The anthropology department at Indiana University proudly announces a
PhD in the anthropology of food, beginning the fall semester of 2007.
While food studies of all kinds are increasing in popularity at
universities around the world, and degrees in nutrition and food
marketing are available, IU offers the first program in the world
leading to a PhD in the social science of food.

Food connects a host of contemporary issues, ranging from obesity to
ecological dead zones to fair-trade coffee. Students will enjoy
opportunities to work on a wide range of food-related topics in a
department whose diverse menu already offers courses on a wide variety of topics including chocolate’s history, other primates’ diets, and the cause of famine.

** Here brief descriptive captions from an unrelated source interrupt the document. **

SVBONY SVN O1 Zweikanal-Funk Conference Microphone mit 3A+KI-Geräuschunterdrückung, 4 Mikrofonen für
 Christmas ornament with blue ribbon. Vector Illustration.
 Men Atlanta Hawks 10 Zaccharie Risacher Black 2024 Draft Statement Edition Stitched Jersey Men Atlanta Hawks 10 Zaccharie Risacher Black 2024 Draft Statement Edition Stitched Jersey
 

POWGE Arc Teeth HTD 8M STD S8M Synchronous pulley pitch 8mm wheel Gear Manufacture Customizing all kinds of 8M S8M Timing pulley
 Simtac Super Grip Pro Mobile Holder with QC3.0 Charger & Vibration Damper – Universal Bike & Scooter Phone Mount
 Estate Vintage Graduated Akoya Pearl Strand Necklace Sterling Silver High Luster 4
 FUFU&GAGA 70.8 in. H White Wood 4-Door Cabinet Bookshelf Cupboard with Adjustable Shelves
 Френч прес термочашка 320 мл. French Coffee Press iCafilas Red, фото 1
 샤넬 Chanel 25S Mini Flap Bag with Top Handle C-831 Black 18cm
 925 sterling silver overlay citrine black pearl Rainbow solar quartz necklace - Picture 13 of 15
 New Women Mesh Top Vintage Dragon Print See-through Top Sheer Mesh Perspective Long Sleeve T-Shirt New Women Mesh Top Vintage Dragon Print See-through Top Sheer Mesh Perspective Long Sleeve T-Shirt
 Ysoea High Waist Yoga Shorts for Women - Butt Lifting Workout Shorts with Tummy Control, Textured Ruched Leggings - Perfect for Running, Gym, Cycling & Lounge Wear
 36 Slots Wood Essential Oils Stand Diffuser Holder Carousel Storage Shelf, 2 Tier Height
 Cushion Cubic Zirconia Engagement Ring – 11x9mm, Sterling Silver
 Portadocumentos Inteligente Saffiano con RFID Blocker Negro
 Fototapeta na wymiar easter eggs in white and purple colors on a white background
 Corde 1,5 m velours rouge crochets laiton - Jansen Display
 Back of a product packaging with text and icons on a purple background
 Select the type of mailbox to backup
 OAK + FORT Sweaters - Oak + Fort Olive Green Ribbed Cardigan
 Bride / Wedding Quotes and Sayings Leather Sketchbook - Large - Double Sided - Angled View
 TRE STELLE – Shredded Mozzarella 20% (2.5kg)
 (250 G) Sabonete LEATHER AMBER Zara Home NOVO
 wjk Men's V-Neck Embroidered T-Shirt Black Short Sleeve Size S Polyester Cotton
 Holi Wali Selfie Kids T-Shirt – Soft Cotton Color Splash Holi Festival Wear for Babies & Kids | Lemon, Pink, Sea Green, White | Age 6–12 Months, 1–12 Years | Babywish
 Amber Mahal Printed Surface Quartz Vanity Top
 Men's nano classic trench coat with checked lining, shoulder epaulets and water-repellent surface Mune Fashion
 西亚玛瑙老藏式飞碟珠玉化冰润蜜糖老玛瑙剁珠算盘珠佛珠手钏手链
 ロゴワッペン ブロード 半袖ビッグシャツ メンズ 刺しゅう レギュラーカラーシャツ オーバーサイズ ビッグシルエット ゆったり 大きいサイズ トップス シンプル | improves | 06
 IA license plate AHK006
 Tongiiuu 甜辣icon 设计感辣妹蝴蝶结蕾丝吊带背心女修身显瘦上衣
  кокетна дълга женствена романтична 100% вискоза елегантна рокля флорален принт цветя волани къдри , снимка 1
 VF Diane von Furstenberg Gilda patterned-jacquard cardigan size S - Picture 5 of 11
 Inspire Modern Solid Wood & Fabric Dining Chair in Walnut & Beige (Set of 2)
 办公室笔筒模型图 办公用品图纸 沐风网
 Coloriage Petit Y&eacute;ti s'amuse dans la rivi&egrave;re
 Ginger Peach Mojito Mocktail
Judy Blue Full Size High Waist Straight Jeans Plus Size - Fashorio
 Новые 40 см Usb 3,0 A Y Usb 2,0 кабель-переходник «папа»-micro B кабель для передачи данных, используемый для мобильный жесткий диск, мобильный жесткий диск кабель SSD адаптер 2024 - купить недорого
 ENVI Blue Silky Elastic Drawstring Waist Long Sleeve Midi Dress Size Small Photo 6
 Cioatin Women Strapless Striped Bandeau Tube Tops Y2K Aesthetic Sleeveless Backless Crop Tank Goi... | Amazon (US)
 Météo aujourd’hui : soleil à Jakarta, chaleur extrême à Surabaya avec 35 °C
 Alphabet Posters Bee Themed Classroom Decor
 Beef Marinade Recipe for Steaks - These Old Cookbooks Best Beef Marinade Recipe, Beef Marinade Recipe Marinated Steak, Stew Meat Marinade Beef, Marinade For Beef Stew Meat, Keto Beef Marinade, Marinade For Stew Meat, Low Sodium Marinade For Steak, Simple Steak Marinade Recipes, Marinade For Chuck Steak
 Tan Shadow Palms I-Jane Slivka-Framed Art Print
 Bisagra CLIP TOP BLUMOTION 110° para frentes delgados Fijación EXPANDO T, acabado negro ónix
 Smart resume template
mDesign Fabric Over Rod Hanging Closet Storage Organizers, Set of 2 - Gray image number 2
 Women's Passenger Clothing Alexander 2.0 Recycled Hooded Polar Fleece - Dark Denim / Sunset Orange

Why Indiana? The anthropology department at IU has a unique combination
of food specialists with expertise in the sciences, humanities, and
social sciences. Students in the Food Studies Program will further have
the opportunity to study with scholars in other departments and programs
including history, nutrition, cultural studies and biology. This
diversity will allow students to specialize in human nutrition, the
evolution of the human diet, origins of food production, food in ancient
civilizations, and contemporary social and economic issues related to
health, culture, economics and globalization. The Food Studies Program
combines the sciences and humanities, contributing to the new health
sciences and human biology initiatives, and boosting the national
visibility of the university.

Indiana is home to a broad array of old and new immigrant communities,
which create a rich context for understanding the importance of food in
culture, and the growing globalization of the world food system.
Bloomington itself has been at the forefront of the farmer=92s market
revival, serving as a regional distribution center for organic groceries
and produce with a rich and sophisticated ethnic food culture. Building
on the rapid growth of culinary tourism into a major industry, faculty
and students in the Food Studies Program will team with local business
communities to increase Bloomington’s prominence and visibility as a
food city and Indiana as a new center of cuisine. Bloomington has a
Slow Food chapter, a farmers’ market, two microbreweries, several CSAs,
and “culinary tourism trails.”

In this program, food fuels the connections between people, places,
cultures, and across the ages. The anthropology department has already
placed students in service-learning research and outreach with a local
food bank. Future projects may include work with local farmers, food
assistance programs for the poor and elderly, gardeners, and ethnic food
markets.

The IU Department of Anthropology is growing into one of the largest and
most important programs in the country. With 36 core faculty and
affiliates throughout other departments, the program boasts over 110
graduate students studying for advanced degrees in linguistic
anthropology, cultural anthropology, archaeology, bioanthropology, human
evolutionary studies, and archaeology and social context. The Food
Studies Program accelerates this growth, responding to the interest in
food within the field of anthropology.

This new PhD builds on the successes of the gastronomy and food studies
MA programs at New York University and Boston University, offering a
more advanced degree based on substantial independent research projects.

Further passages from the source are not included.